# [SOLVED] Borderlands install errors



## fleshhold (Nov 23, 2009)

Hey guys, ive got my new computer all set up now, for a while actually. Suddenly i have decided to set up borderlands, as I went to install it last night i got all the way to the end of the installation and an error pops up saying

"phsyxcudart_20.dll is missing from your computer"

I clicked OK and got another one straight afterwards saying

"cudart32_30_9.dll is missing from your computer"

I clicked OK and then the secureacom scanner came up, i then got ANOTHER error saying Error 1722 and it had to revert the whole installation, i tried downloading the dll files but its no use. seems there is so many problems with this installation!

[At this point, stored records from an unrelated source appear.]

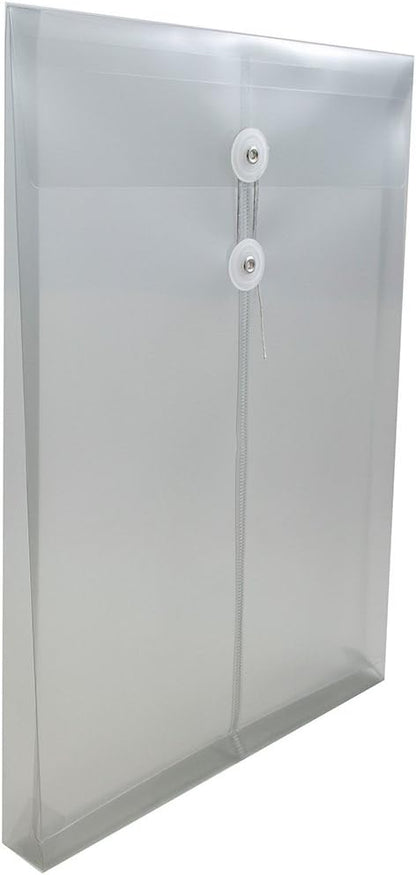 JAM PAPER Plastic Envelopes with Button & String Tie Closure - Legal Open End - 9 3/4 x 14 1/2 - Smoke Gray - 12/Pack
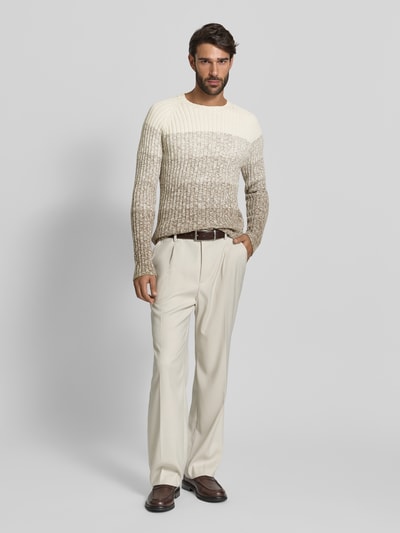 JOOP! Collection Sweter o kroju slim fit z efektem dzianiny model ‘Maximilio’ Beżowy 1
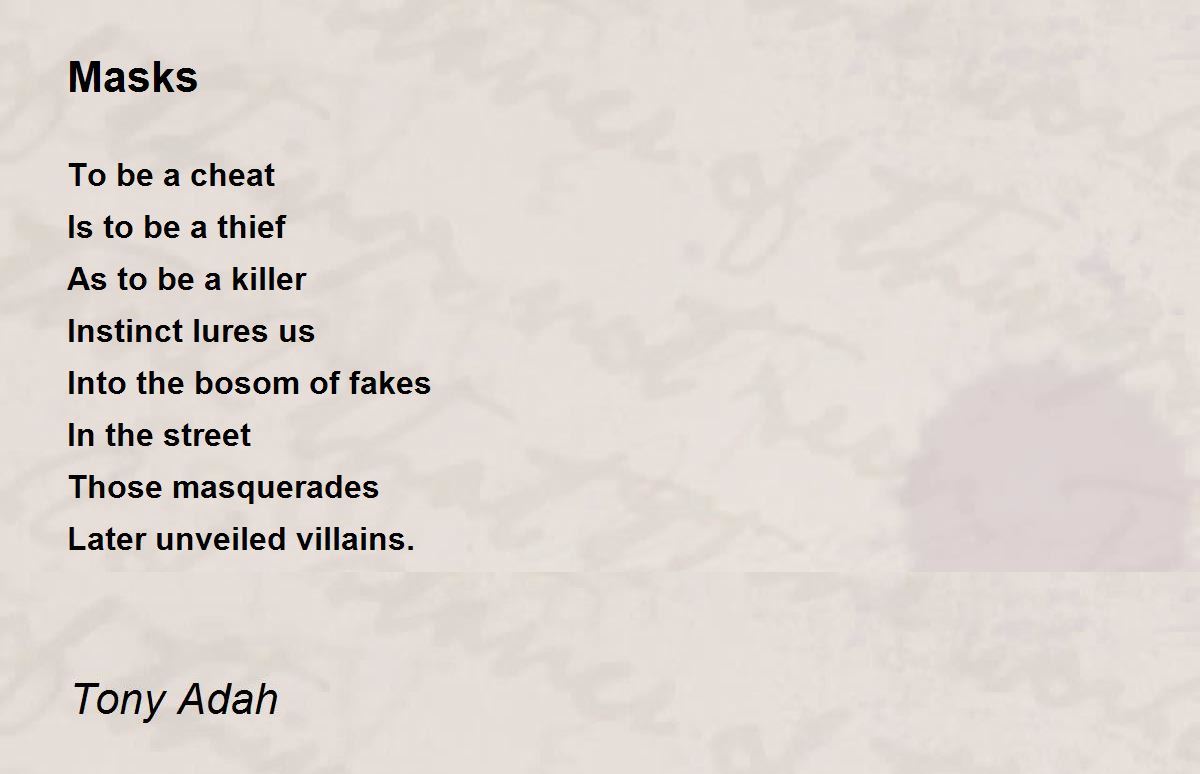 Masks by Tony Adah Masks Poem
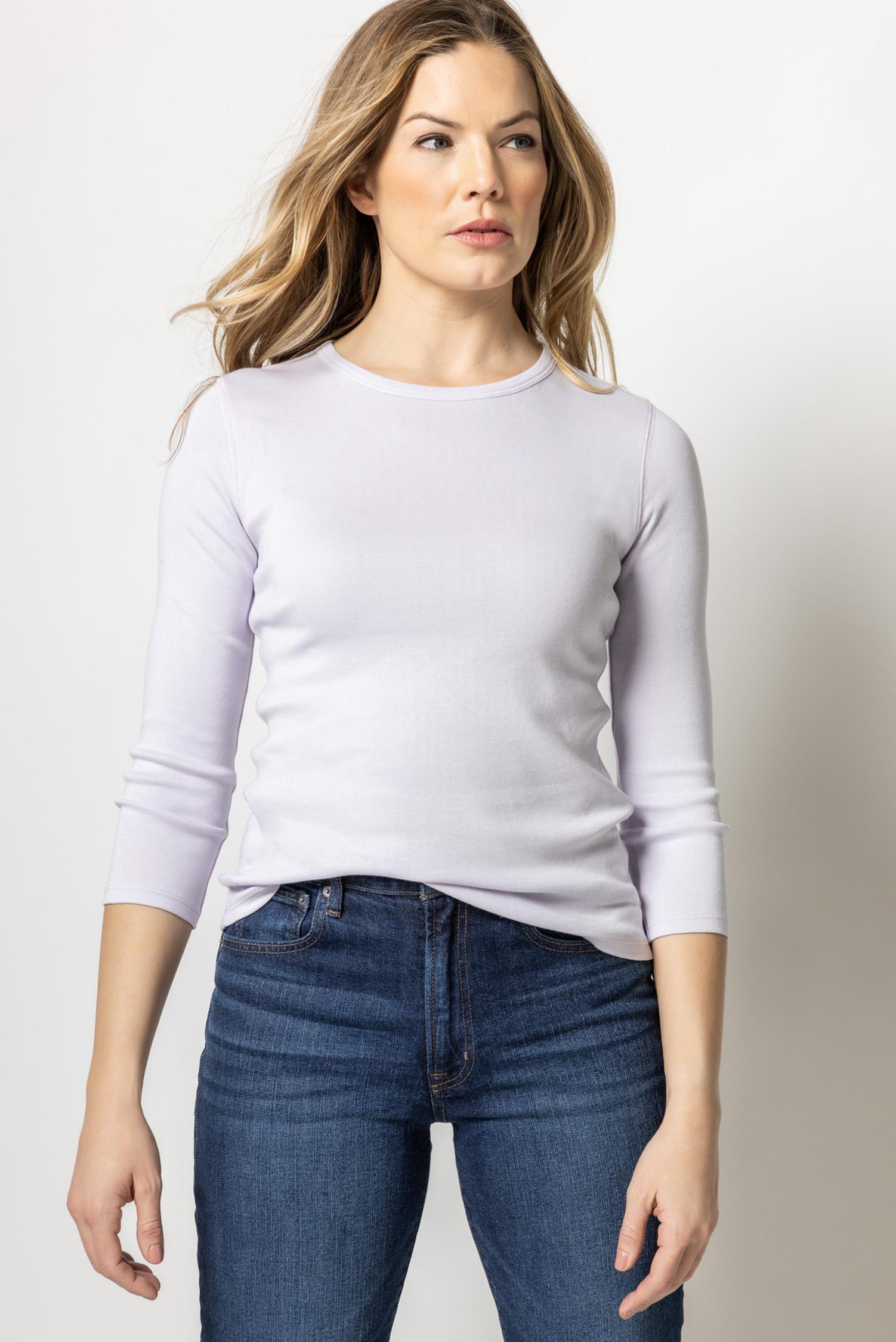 3/4 Sleeve Crew in color Lily Image A1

Currently running windows 7 home premium X64 bit, i got a ATI HD 5850 graphics card.

And i have no clue on how to fix this problem


----------



## bwolfje (Jul 26, 2010)

*Re: Borderlands install errors*

hi,

go to nvidia.com and download the latest Physix-only driver if it isn't on the games' disc.

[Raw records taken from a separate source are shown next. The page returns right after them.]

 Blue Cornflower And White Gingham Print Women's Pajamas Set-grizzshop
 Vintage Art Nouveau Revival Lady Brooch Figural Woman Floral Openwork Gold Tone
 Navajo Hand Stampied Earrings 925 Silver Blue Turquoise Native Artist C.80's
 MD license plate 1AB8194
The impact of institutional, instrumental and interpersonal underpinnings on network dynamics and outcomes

Make sure its the Physx only driver, some games need it even though if you have an ati card.

After that try to install it again to see if there is any errors left.


----------



## fleshhold (Nov 23, 2009)

*Re: Borderlands install errors*

Ok i'll try that now, cheers i'll tell you when ive tried it.


----------



## fleshhold (Nov 23, 2009)

*Re: Borderlands install errors*

Awsome! it works! your a legend, i didn't know it was that simple. Runs flawlessly, especially on my beast gaming rig.

Thanks, FLeshhold xoxo.


----------